Collected data -
BEGIN

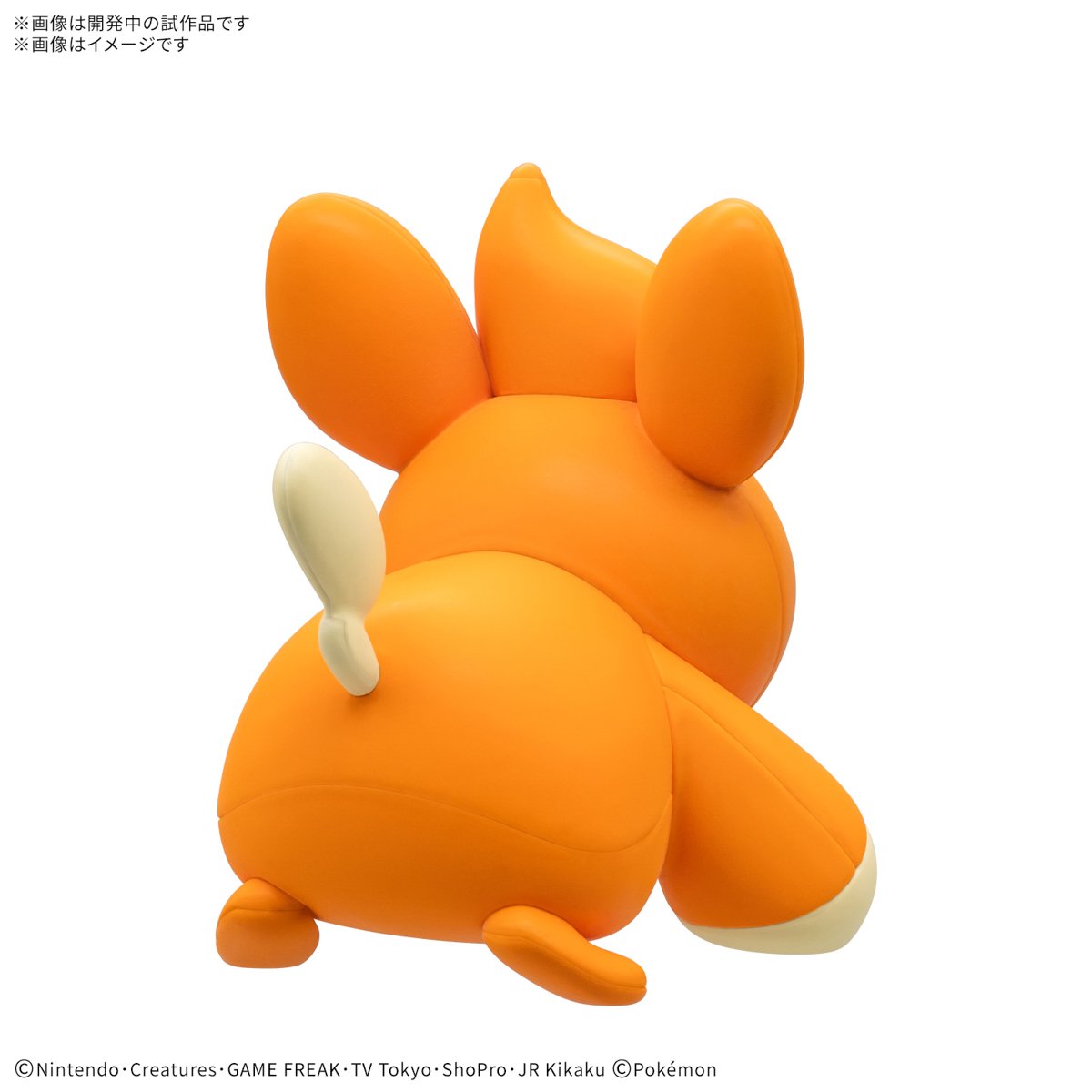 <Preorder ปิดรับวันที่ 25/11/2024> 🔔เปิดรับPreorderไม่ต้องมัดจำครับ Pokemon Plastic Model Collection Quick!! 22 Pamo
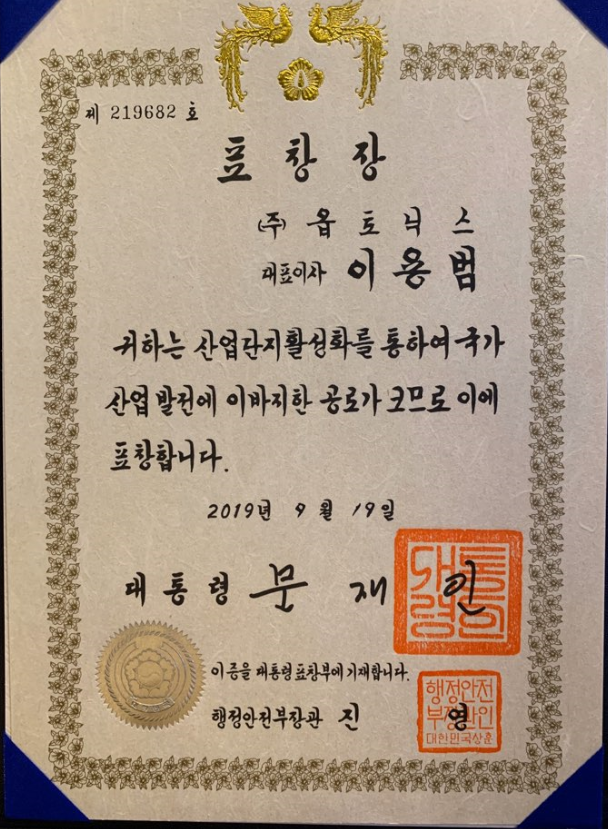 현장 사진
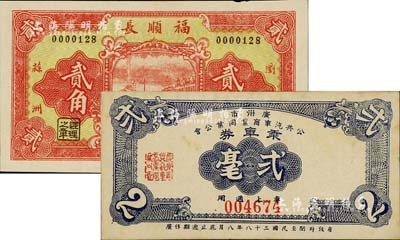 民间钞票2种，详分：1949年广州市公共汽车商业同业公会乘车券贰毫；（湖南浏阳）福顺长1933年贰角；台湾藏家出品，九至九五成新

END

What to work on - With the pictures omitted, reproduce the data above exactly.

Response area -
 <Preorder ปิดรับวันที่ 25/11/2024> 🔔เปิดรับPreorderไม่ต้องมัดจำครับ Pokemon Plastic Model Collection Quick!! 22 Pamo
 현장 사진
 民间钞票2种，详分：1949年广州市公共汽车商业同业公会乘车券贰毫；（湖南浏阳）福顺长1933年贰角；台湾藏家出品，九至九五成新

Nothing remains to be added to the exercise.